> EXERCISE DETAILS
From the entries that follow, reproduce exactly and only the lines from the line with "習志野市谷津6丁目　2号棟" to the line with "Pump.fun retreats 3%", endpoints included.

> PROVIDED DATA
Segment Open

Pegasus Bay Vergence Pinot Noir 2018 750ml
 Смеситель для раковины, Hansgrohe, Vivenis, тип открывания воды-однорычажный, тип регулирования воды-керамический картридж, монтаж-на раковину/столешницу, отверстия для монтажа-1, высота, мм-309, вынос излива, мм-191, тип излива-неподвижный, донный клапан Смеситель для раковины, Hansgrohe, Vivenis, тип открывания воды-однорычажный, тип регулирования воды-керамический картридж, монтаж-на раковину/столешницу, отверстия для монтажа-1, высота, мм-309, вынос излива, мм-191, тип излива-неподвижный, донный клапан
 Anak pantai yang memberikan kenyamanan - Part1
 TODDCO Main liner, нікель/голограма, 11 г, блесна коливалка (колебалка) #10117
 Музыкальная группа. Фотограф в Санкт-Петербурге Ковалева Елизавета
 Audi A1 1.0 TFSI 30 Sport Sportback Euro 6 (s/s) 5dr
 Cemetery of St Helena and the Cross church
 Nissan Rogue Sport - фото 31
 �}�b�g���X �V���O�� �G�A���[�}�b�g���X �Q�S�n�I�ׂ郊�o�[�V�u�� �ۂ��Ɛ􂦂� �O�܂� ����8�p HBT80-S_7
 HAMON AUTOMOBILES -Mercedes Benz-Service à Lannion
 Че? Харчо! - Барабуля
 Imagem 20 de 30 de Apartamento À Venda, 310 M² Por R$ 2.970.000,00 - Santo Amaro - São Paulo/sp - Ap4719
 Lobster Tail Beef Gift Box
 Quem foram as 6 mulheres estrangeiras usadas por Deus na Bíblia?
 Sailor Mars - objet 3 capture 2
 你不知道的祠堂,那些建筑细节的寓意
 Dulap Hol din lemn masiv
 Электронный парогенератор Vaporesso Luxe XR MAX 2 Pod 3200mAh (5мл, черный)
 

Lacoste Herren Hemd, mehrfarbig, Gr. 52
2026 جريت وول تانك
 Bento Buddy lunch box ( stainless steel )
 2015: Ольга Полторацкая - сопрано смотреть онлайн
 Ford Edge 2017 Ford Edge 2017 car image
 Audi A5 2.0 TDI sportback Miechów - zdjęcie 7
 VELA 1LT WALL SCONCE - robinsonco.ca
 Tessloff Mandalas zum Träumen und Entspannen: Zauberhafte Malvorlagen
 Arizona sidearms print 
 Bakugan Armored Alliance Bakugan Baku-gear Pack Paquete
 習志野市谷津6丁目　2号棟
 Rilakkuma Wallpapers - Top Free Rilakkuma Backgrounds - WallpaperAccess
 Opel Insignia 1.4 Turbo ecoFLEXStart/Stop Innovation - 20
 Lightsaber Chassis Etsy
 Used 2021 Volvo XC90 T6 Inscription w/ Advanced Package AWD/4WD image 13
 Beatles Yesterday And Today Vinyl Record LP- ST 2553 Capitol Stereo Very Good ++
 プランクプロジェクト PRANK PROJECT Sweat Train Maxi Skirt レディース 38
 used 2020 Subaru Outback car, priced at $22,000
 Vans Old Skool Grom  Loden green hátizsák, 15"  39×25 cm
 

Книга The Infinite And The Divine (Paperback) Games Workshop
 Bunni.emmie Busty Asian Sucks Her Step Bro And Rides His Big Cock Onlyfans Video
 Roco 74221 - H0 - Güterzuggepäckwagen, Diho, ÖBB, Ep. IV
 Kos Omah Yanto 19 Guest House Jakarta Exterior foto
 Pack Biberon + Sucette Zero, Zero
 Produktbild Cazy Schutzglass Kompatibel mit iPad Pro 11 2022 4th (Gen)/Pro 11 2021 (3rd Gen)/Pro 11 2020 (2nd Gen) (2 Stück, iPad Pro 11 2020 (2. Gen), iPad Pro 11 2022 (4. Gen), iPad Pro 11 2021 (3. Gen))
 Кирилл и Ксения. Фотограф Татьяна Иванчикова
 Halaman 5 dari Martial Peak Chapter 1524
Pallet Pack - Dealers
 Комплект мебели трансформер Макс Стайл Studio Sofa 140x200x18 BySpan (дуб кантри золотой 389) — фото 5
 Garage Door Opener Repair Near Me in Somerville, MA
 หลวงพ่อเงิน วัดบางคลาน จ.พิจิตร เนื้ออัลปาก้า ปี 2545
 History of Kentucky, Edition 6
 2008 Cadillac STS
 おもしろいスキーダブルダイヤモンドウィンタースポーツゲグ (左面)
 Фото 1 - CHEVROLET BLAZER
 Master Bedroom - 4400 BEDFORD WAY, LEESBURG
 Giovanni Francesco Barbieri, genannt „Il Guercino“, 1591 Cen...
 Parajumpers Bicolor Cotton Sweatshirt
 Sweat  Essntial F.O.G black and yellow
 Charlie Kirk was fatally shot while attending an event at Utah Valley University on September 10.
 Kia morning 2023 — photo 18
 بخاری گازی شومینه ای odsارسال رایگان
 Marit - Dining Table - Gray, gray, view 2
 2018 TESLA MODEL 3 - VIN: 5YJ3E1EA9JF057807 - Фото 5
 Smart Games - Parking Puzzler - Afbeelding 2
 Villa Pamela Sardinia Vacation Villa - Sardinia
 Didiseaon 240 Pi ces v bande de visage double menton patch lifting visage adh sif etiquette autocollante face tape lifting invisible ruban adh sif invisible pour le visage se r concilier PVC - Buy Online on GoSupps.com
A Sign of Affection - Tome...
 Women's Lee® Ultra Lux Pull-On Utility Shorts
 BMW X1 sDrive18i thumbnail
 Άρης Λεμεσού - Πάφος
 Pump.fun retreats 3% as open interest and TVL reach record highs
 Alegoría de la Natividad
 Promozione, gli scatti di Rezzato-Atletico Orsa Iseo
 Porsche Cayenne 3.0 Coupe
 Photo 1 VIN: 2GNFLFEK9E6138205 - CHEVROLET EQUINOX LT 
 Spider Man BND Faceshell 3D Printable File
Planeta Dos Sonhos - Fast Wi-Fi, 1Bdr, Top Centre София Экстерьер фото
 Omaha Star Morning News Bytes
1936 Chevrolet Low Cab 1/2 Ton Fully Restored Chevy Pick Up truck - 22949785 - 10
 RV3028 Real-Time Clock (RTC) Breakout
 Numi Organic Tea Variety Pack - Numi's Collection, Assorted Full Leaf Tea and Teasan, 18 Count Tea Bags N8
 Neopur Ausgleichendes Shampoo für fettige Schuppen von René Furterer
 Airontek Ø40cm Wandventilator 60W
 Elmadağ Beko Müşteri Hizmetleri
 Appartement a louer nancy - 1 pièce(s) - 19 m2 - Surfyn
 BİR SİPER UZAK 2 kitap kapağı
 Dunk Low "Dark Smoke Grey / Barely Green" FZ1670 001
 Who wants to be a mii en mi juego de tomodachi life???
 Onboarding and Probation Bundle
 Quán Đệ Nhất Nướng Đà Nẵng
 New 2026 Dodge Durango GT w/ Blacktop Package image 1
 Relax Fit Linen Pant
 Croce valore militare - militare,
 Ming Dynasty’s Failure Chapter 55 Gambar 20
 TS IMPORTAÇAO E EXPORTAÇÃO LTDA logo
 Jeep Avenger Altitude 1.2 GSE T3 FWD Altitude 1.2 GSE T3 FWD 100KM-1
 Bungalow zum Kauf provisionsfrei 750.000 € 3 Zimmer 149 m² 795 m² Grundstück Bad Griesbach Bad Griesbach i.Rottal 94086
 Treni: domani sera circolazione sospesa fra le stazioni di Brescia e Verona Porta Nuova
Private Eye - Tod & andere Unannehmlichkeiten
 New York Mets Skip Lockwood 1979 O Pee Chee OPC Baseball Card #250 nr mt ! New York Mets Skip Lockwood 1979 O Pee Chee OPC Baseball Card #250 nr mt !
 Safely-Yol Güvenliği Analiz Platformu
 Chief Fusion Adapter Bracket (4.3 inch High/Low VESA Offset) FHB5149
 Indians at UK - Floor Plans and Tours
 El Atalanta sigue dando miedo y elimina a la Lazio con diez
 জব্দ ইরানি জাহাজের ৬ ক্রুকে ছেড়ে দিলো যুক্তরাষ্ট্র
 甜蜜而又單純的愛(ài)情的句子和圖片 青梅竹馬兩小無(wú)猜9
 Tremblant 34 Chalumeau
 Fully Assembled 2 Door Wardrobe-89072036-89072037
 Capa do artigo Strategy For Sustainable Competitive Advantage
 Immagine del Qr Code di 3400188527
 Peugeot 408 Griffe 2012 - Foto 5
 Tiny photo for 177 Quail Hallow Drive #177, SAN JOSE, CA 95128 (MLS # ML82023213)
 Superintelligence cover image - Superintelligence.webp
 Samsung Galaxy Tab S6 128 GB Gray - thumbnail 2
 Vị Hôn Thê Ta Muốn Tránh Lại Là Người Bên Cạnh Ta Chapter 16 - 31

Segment Closed

> REPLY
 習志野市谷津6丁目　2号棟
 Rilakkuma Wallpapers - Top Free Rilakkuma Backgrounds - WallpaperAccess
 Opel Insignia 1.4 Turbo ecoFLEXStart/Stop Innovation - 20
 Lightsaber Chassis Etsy
 Used 2021 Volvo XC90 T6 Inscription w/ Advanced Package AWD/4WD image 13
 Beatles Yesterday And Today Vinyl Record LP- ST 2553 Capitol Stereo Very Good ++
 プランクプロジェクト PRANK PROJECT Sweat Train Maxi Skirt レディース 38
 used 2020 Subaru Outback car, priced at $22,000
 Vans Old Skool Grom  Loden green hátizsák, 15"  39×25 cm
 

Книга The Infinite And The Divine (Paperback) Games Workshop
 Bunni.emmie Busty Asian Sucks Her Step Bro And Rides His Big Cock Onlyfans Video
 Roco 74221 - H0 - Güterzuggepäckwagen, Diho, ÖBB, Ep. IV
 Kos Omah Yanto 19 Guest House Jakarta Exterior foto
 Pack Biberon + Sucette Zero, Zero
 Produktbild Cazy Schutzglass Kompatibel mit iPad Pro 11 2022 4th (Gen)/Pro 11 2021 (3rd Gen)/Pro 11 2020 (2nd Gen) (2 Stück, iPad Pro 11 2020 (2. Gen), iPad Pro 11 2022 (4. Gen), iPad Pro 11 2021 (3. Gen))
 Кирилл и Ксения. Фотограф Татьяна Иванчикова
 Halaman 5 dari Martial Peak Chapter 1524
Pallet Pack - Dealers
 Комплект мебели трансформер Макс Стайл Studio Sofa 140x200x18 BySpan (дуб кантри золотой 389) — фото 5
 Garage Door Opener Repair Near Me in Somerville, MA
 หลวงพ่อเงิน วัดบางคลาน จ.พิจิตร เนื้ออัลปาก้า ปี 2545
 History of Kentucky, Edition 6
 2008 Cadillac STS
 おもしろいスキーダブルダイヤモンドウィンタースポーツゲグ (左面)
 Фото 1 - CHEVROLET BLAZER
 Master Bedroom - 4400 BEDFORD WAY, LEESBURG
 Giovanni Francesco Barbieri, genannt „Il Guercino“, 1591 Cen...
 Parajumpers Bicolor Cotton Sweatshirt
 Sweat  Essntial F.O.G black and yellow
 Charlie Kirk was fatally shot while attending an event at Utah Valley University on September 10.
 Kia morning 2023 — photo 18
 بخاری گازی شومینه ای odsارسال رایگان
 Marit - Dining Table - Gray, gray, view 2
 2018 TESLA MODEL 3 - VIN: 5YJ3E1EA9JF057807 - Фото 5
 Smart Games - Parking Puzzler - Afbeelding 2
 Villa Pamela Sardinia Vacation Villa - Sardinia
 Didiseaon 240 Pi ces v bande de visage double menton patch lifting visage adh sif etiquette autocollante face tape lifting invisible ruban adh sif invisible pour le visage se r concilier PVC - Buy Online on GoSupps.com
A Sign of Affection - Tome...
 Women's Lee® Ultra Lux Pull-On Utility Shorts
 BMW X1 sDrive18i thumbnail
 Άρης Λεμεσού - Πάφος
 Pump.fun retreats 3% as open interest and TVL reach record highs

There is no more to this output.